BEGIN Information

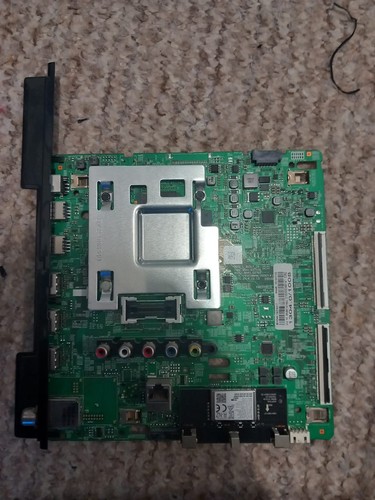 Main board samsung - av,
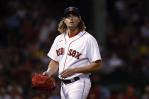 Los cinco pitchers que testificarán en juicio por muerte de Skaggs Los cinco pitchers que testificarán en juicio por muerte de Skaggs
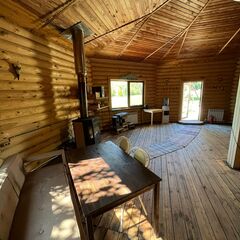 Загородный комплекс Аракуль, Челябинская область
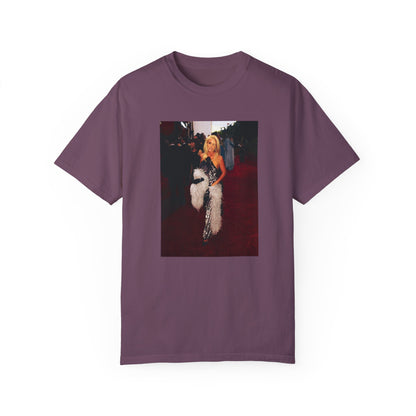 "RED CARPET" Camille Grammer | Comfort Colors T-Shirt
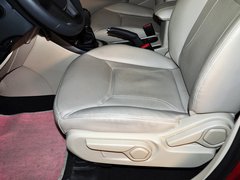 2014款 2.0L 手动 家悦版 5座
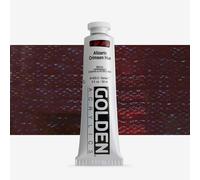 Golden Heavy Body 60ml Alizarin Crimson Hue VII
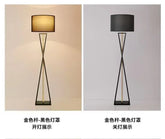 Scandinavian Modern Iron Floor Lamp Creative Minimalist for Living Room Bedroom Study Night Lighting Home Decor Items LED Jonine’s Corner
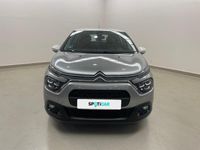 usado Citroën C3 PureTech 60KW (83CV) Feel Pack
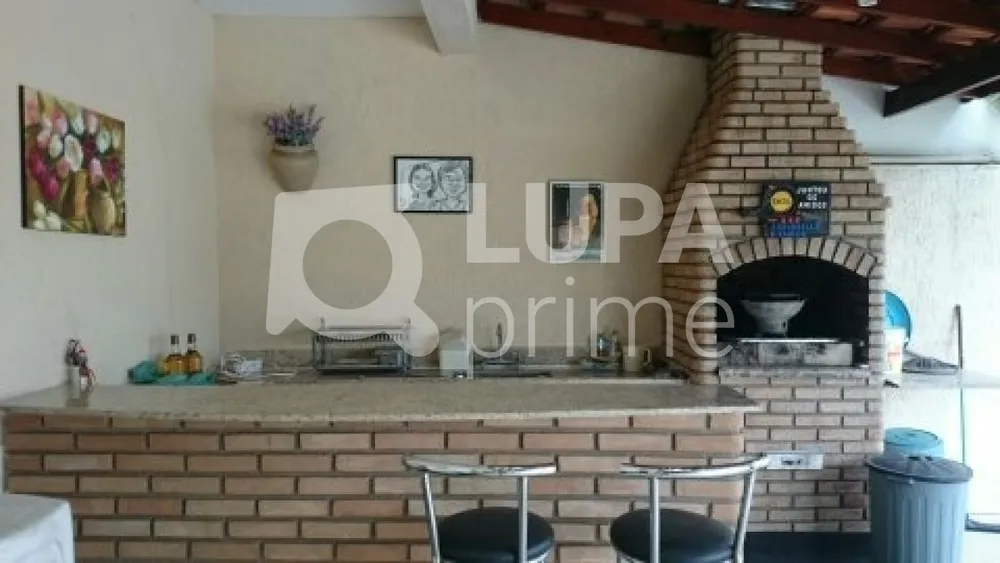 Casa, 6 quartos, 388 m² - Foto 3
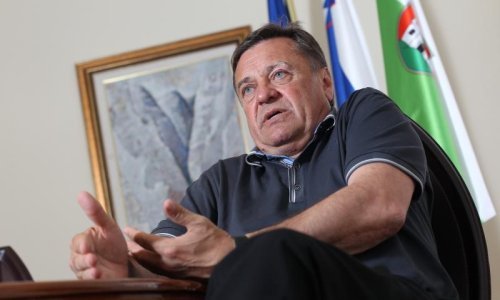 Janković: Nisam tražio nikakve usluge, pa ni spolne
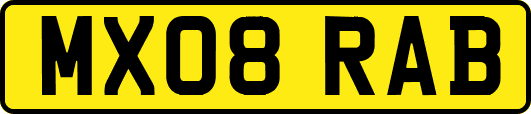 MX08RAB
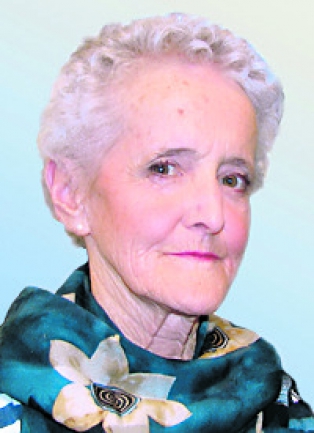 LALANCETTE CHARLOTTE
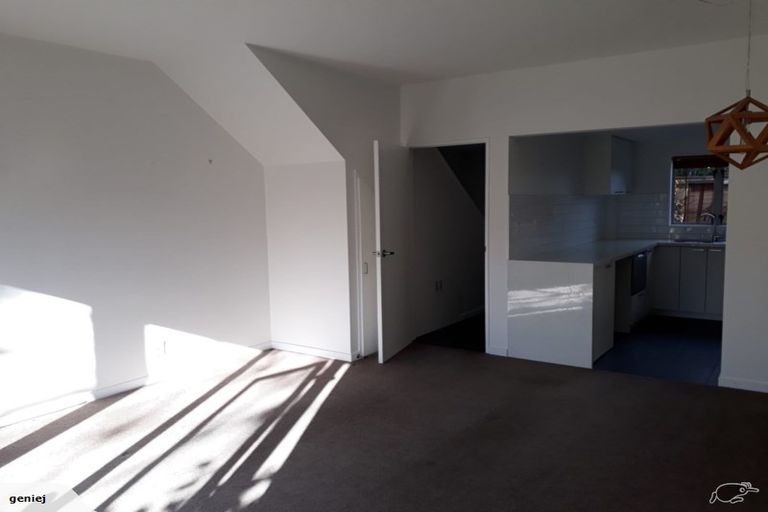 Photo of property in 4/4 Melrose Street, Christchurch Central, Christchurch, 8013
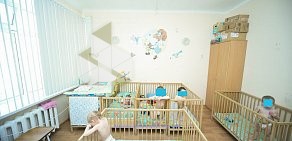 Благотворительный фонд защиты брошенных младенцев Я без мамы в Советском районе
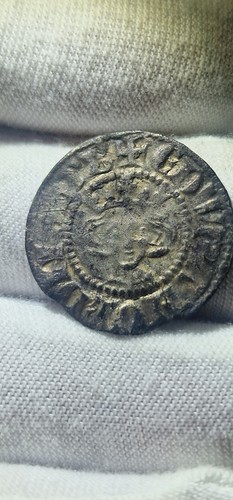Edward medieval silver - edward, i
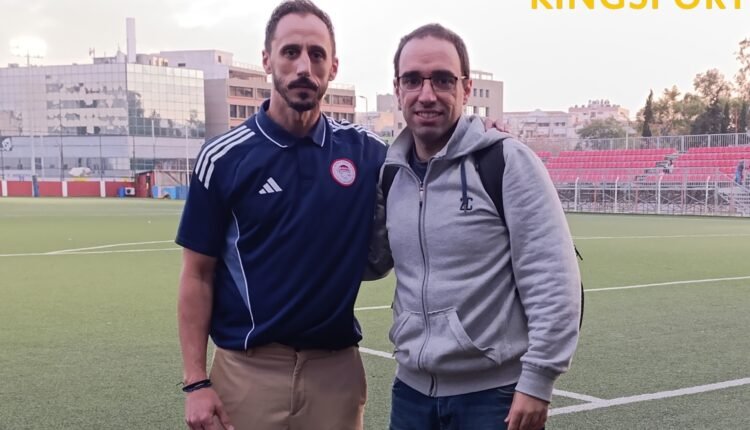 Τασος-Φλέγγας-στο-kingsport.gr:-“Προσπαθούμε-να-επιβάλλουμε-πάντα-το-δικό-μας-κυριαρχικό-παιχνίδι”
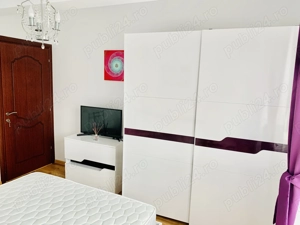 Proprietar ofer spre inchiriere  apartament 2 camere in bloc nou elegant,Mall Vitan-Mihai Bravu - imagine 6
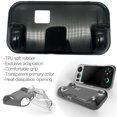 thumbnail image 2 of Protec tive Cover Case For Anbernic RG477M, TPU Protective Sleeve Skin Case Shell Cover Shockproof Cases Protector Anti-Drop, 2 of 7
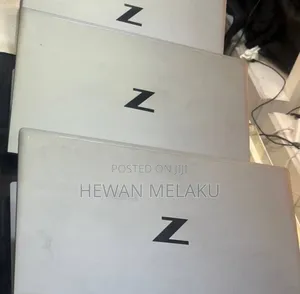 New Laptop HP ZBook 15 16GB Intel Core I7 SSD 512GB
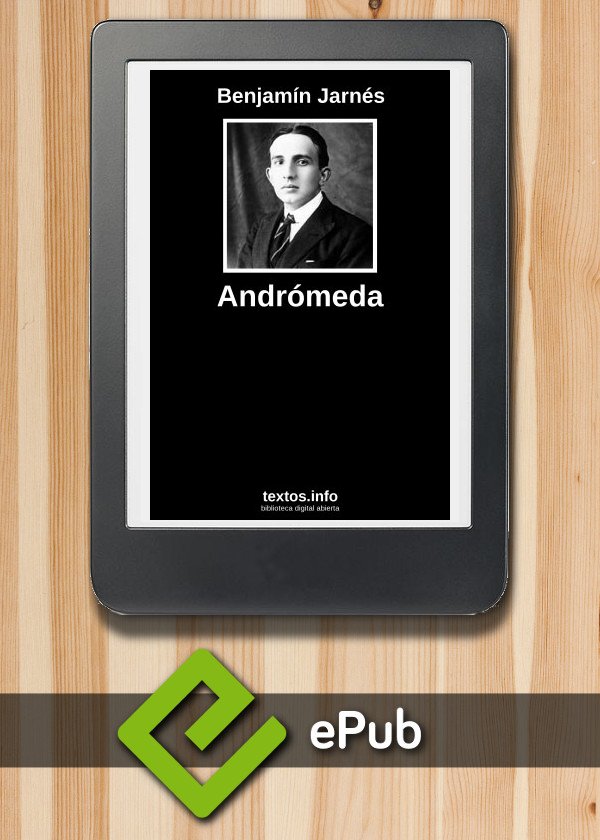 Andrómeda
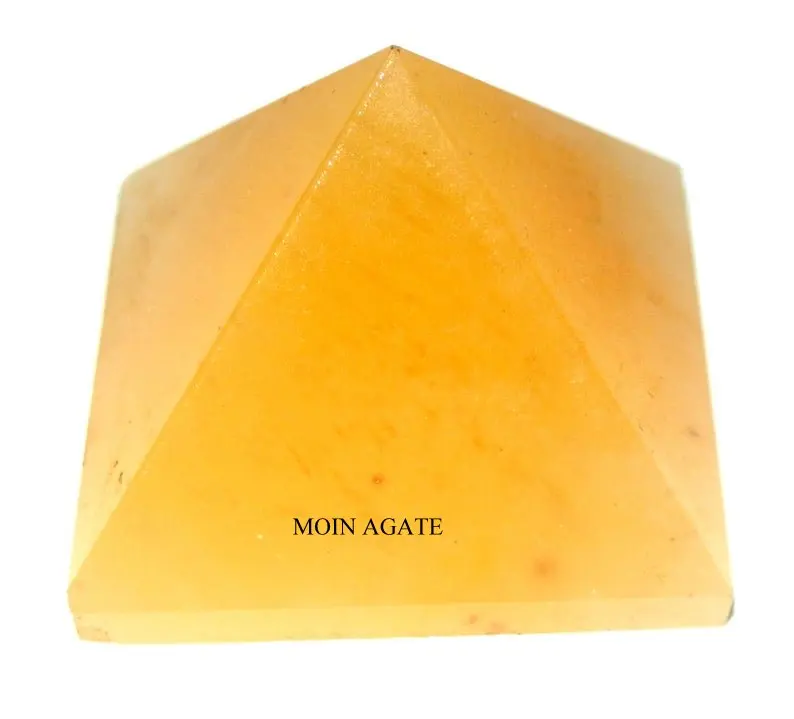 Хрустальная пирамида авантюрина из драгоценных камней распродажа онлайн-покупка камень чакры моина Агата для использования в качестве хрустальной пирамиды чакр
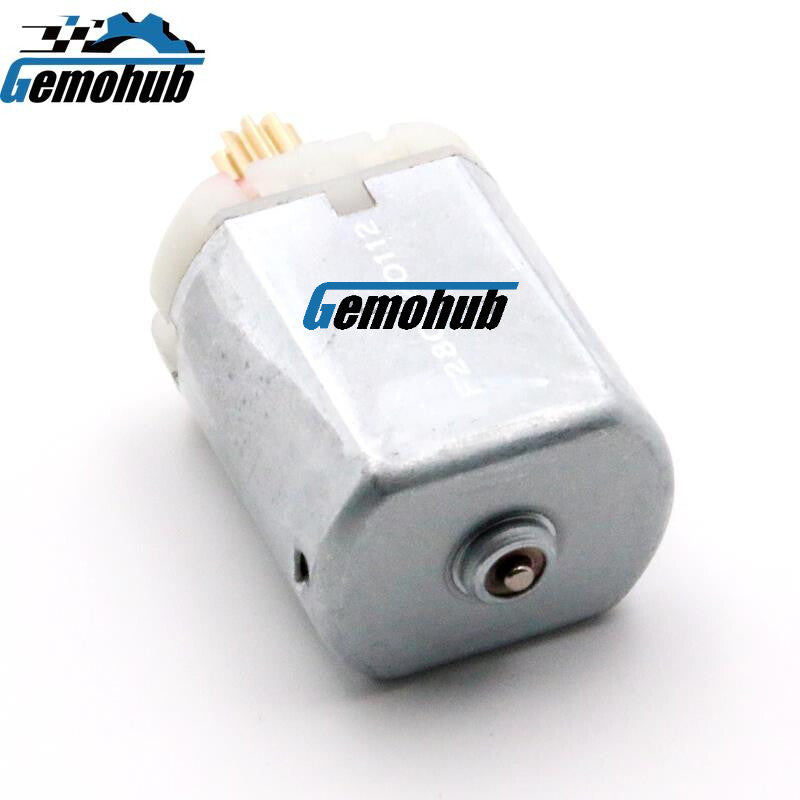 New Fuel Filler Cap Actuator Motor For 2011-2016 for Mercedes-Benz E-Class W212 E350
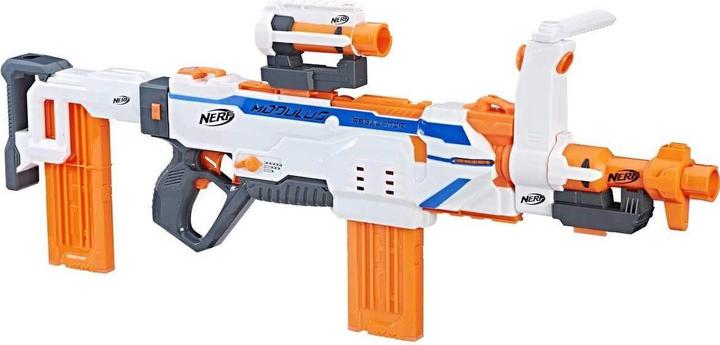 Produktbild Nerf N-Strike Modulus - Regulator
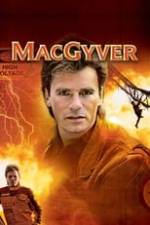 MacGyver Box Art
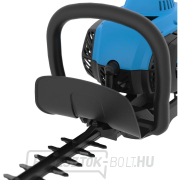 Motoros sövénynyíró GMH 603 náhled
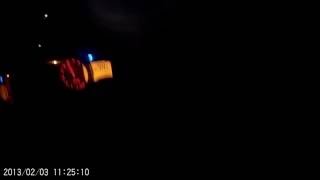 Kawasaki 2007 Zx6r top speed acceleration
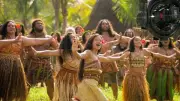 بالعامية المصرية والإنجليزية: انطلاق فيلم Moana في 47 دار عرض بـ9 محافظات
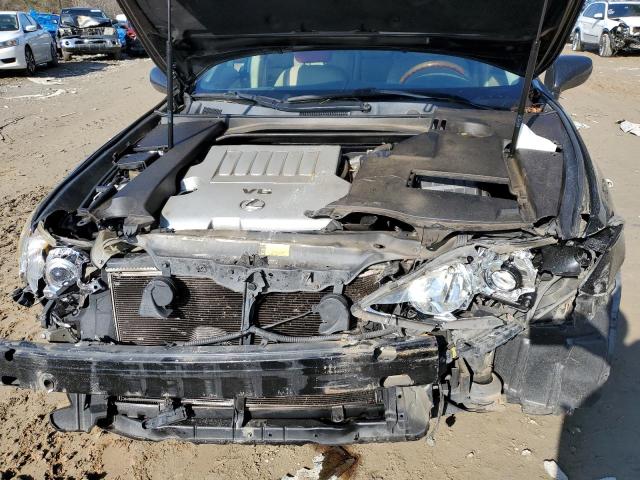 Foto 11 de la subasta – 2008 LEXUS ES 350 con VIN JTHBJ46G382215145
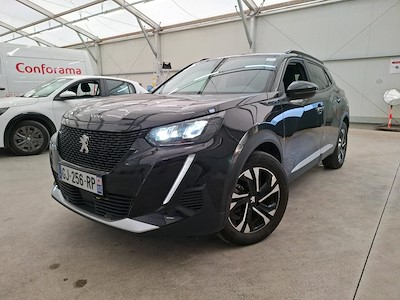 Peugeot E-2008 2008 e-2008 136ch Allure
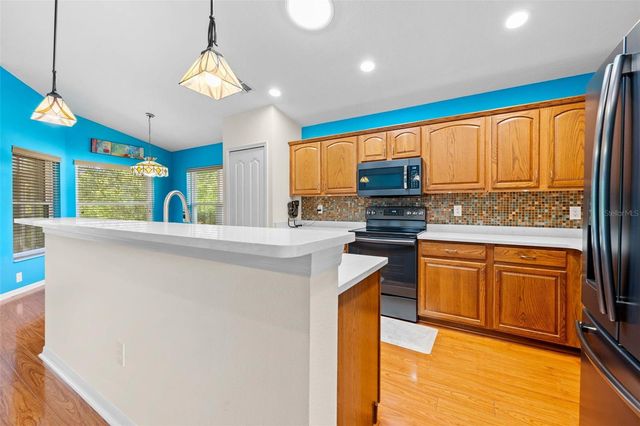 11750 TEAPOT COURT, Spring Hill, FL 34609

END Information

Aim of the exercise: What's needed is every line above, retyped exactly and free of pictures.

Task answer:
 Main board samsung - av,
 Los cinco pitchers que testificarán en juicio por muerte de Skaggs Los cinco pitchers que testificarán en juicio por muerte de Skaggs
 Загородный комплекс Аракуль, Челябинская область
 "RED CARPET" Camille Grammer | Comfort Colors T-Shirt
 2014款 2.0L 手动 家悦版 5座
 Golden Heavy Body 60ml Alizarin Crimson Hue VII
 Scandinavian Modern Iron Floor Lamp Creative Minimalist for Living Room Bedroom Study Night Lighting Home Decor Items LED Jonine’s Corner
 usado Citroën C3 PureTech 60KW (83CV) Feel Pack
 Casa, 6 quartos, 388 m² - Foto 3
 Janković: Nisam tražio nikakve usluge, pa ni spolne
 MX08RAB
 LALANCETTE CHARLOTTE
 Photo of property in 4/4 Melrose Street, Christchurch Central, Christchurch, 8013
 Благотворительный фонд защиты брошенных младенцев Я без мамы в Советском районе
Edward medieval silver - edward, i
 Τασος-Φλέγγας-στο-kingsport.gr:-“Προσπαθούμε-να-επιβάλλουμε-πάντα-το-δικό-μας-κυριαρχικό-παιχνίδι”
 Proprietar ofer spre inchiriere  apartament 2 camere in bloc nou elegant,Mall Vitan-Mihai Bravu - imagine 6
 thumbnail image 2 of Protec tive Cover Case For Anbernic RG477M, TPU Protective Sleeve Skin Case Shell Cover Shockproof Cases Protector Anti-Drop, 2 of 7
 New Laptop HP ZBook 15 16GB Intel Core I7 SSD 512GB
 Andrómeda
 Хрустальная пирамида авантюрина из драгоценных камней распродажа онлайн-покупка камень чакры моина Агата для использования в качестве хрустальной пирамиды чакр
 New Fuel Filler Cap Actuator Motor For 2011-2016 for Mercedes-Benz E-Class W212 E350
 Produktbild Nerf N-Strike Modulus - Regulator
 MacGyver Box Art
 Motoros sövénynyíró GMH 603 náhled
 Kawasaki 2007 Zx6r top speed acceleration
 بالعامية المصرية والإنجليزية: انطلاق فيلم Moana في 47 دار عرض بـ9 محافظات
 Foto 11 de la subasta – 2008 LEXUS ES 350 con VIN JTHBJ46G382215145
 Peugeot E-2008 2008 e-2008 136ch Allure
 11750 TEAPOT COURT, Spring Hill, FL 34609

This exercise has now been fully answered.